On the way they saw that the petrol pumps were empty, but people still waited in a large queue. The bank ATMs had dried up when he tried to get some cash. Neel checked that the car didn’t have enough fuel for them to last all the way home. He had some cash, but they needed it for dinner.
“People are filling their cars and their pockets when the world is going to end,” he smiled impishly.
“I wonder where they will go with it,” she smiled.
“Don’t think we can drive home,” Neel said.
“Maybe we shouldn’t, even if we could,” Farah replied in a serene voice, surprising Neel.
“Yeah.. Maybe we shouldn’t, I think,” he said, his mind filled with thoughts of Mom and Dad. He turned the car around.
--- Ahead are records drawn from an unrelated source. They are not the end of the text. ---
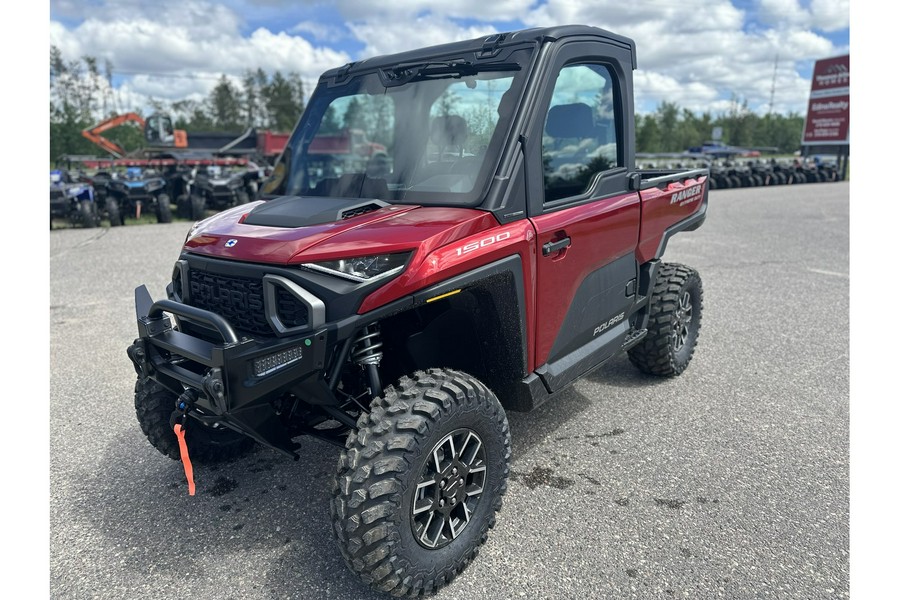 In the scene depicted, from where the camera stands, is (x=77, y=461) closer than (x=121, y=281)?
Yes

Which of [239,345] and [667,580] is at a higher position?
[239,345]

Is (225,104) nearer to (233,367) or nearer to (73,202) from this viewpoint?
(73,202)

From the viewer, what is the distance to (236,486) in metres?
3.29

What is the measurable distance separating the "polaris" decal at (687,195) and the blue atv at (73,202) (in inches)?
510

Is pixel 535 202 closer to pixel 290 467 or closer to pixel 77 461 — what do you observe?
pixel 290 467

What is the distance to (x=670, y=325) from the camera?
170 inches

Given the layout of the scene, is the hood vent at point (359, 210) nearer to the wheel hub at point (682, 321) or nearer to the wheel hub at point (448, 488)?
the wheel hub at point (448, 488)

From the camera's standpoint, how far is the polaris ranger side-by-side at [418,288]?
232 centimetres

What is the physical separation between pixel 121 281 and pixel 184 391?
6494 millimetres

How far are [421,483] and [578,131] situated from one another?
1.95 m

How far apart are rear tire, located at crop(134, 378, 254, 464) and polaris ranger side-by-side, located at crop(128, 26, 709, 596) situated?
0.4 inches

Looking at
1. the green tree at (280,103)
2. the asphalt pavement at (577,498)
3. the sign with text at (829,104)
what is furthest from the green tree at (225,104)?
the asphalt pavement at (577,498)

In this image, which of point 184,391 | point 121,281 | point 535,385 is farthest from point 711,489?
point 121,281

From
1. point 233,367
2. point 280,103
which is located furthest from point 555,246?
point 280,103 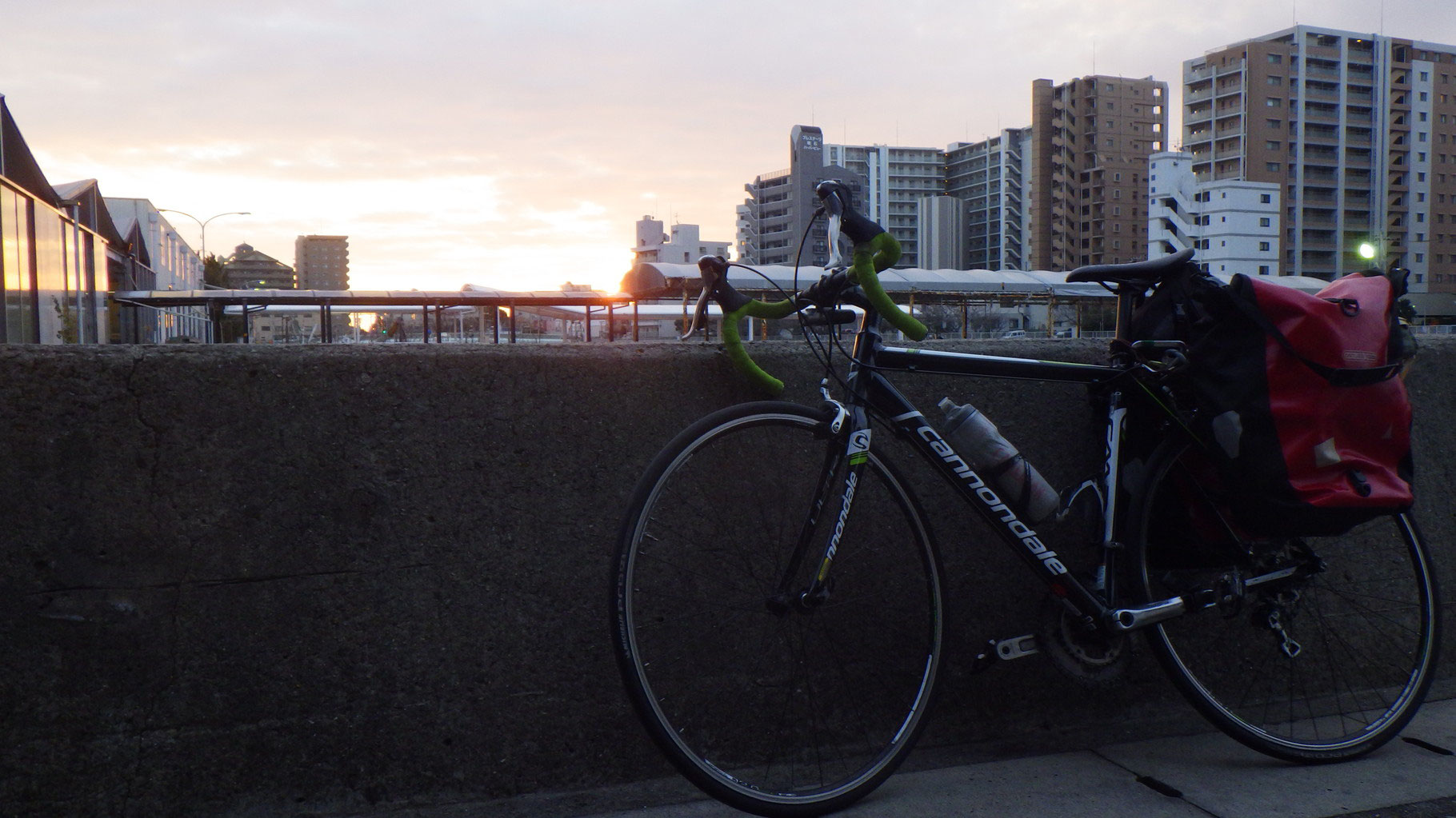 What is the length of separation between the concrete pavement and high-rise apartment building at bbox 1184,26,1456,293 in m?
102

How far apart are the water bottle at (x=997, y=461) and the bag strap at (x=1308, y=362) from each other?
64 centimetres

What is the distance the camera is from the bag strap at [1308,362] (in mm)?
2426

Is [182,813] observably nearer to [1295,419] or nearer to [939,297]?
[1295,419]

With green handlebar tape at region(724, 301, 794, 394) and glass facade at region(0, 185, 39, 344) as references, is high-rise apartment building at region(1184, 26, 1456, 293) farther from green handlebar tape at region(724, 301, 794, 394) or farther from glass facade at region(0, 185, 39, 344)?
green handlebar tape at region(724, 301, 794, 394)

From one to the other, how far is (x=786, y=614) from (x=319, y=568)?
1.02 m

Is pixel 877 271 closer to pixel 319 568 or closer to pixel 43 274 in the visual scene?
pixel 319 568

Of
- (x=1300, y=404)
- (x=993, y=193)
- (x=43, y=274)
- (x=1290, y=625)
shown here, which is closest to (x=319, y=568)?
(x=1300, y=404)

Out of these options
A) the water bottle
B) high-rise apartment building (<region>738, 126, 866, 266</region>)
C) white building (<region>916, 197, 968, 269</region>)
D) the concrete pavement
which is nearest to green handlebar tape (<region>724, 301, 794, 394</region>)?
the water bottle

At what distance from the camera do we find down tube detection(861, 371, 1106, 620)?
7.54 ft

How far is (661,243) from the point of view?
148375mm

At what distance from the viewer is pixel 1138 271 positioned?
104 inches

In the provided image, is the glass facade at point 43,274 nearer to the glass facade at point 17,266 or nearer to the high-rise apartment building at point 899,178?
the glass facade at point 17,266

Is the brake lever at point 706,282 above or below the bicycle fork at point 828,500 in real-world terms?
above

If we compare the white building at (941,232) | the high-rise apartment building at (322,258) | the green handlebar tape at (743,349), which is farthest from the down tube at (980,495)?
the high-rise apartment building at (322,258) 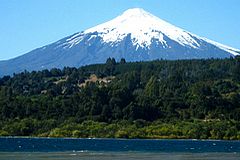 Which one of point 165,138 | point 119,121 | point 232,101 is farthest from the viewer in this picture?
point 232,101

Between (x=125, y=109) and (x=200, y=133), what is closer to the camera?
(x=200, y=133)

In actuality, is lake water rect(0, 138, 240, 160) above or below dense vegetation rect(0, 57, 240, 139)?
below

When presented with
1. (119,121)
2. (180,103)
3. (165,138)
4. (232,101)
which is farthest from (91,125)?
(232,101)

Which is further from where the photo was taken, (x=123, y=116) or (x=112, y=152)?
(x=123, y=116)

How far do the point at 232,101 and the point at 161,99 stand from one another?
20.8 m

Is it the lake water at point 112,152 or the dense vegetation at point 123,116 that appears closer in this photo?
the lake water at point 112,152

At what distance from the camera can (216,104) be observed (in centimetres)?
18688

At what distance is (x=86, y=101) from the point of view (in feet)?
640

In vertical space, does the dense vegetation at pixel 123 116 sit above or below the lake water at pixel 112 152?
above

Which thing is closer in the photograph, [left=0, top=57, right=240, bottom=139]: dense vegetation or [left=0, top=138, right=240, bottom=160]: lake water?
[left=0, top=138, right=240, bottom=160]: lake water

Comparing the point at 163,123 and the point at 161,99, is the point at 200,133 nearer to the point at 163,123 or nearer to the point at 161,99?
the point at 163,123

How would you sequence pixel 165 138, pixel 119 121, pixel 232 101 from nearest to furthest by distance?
pixel 165 138
pixel 119 121
pixel 232 101

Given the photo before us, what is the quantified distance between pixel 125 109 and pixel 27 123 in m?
27.6

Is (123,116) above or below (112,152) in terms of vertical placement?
above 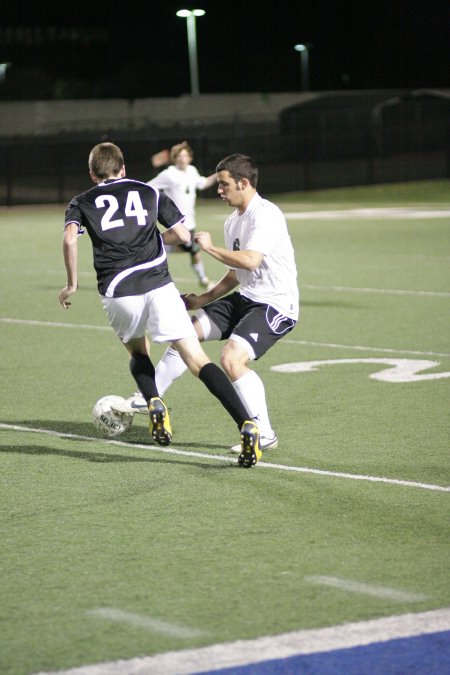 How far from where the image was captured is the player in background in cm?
761

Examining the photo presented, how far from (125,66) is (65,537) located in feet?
269

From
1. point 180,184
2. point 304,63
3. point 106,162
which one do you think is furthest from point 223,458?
point 304,63

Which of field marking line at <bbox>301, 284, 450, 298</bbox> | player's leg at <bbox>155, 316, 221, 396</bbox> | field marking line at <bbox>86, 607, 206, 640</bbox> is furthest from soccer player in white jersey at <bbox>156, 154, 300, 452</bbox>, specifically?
field marking line at <bbox>301, 284, 450, 298</bbox>

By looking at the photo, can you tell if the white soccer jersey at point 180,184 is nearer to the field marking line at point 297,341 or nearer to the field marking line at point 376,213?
the field marking line at point 297,341

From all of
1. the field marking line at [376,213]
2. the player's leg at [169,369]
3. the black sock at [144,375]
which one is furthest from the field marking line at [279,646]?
the field marking line at [376,213]

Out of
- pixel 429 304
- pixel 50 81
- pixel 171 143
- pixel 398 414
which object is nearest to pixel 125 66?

They changed their plan. “Might as well have a good last meal,” he said.
“Makes sense, not a bad idea,” she said with a faint smile on her lips.
They went to the closest shop to pick up some food. They saw that all the essentials were stocked out. They wondered what people were stocking up for.
“If the world really ended tomorrow, they won’t need all this, isn’t it?” he asked.
“And if it didn’t end, they would get it later anyway, isn’t it?” she asked.
They burst out laughing in the middle of the sombre silence of the shop. It was no time for logic.
“So?” he asked.
“Just take something for dinner,” she said.
“And maybe for breakfast and lunch tomorrow?” he asked.
“Yeah. And a couple of days after that? What if the end starts a bit late?” she said.
“Just to be safe?” he asked.
“Yes,” she giggled.
They picked it up and went back to the car. Neel drove in silence. He had dropped her so often this way over the past couple of years after working late together in the library.
“You want to come over?” Neel asked when they reached her place. “The end of the world is near,” he added. Farah paused for a moment thinking it over. Her mind was filled with thoughts of her family, her country, her culture, all of which bound her, all of which seemed far away now.
“And what if the world doesn’t end?” she asked.
“Well… You don’t want to have any regrets if it does,” he said with an impish smile again.
“I will be back in a few minutes,” she said and jumped off. She came back with a packed suitcase and some other stuff in her hand in a few minutes. He smiled and hugged her tight again.
He parked his car and they walked to his place, hand in hand. He stepped inside and switched on the lights. She followed in small but firm steps without any hesitation.
Within the confines of their room with each other for company, they felt complete. They weren’t looking for anything else in the world outside. They felt they had all they wanted inside.
Neel pushed the door of the room and closed it on the world. Without a care in the world, they held hands and sat in silence. Time stood still. It didn’t matter now, if the end of the world was near.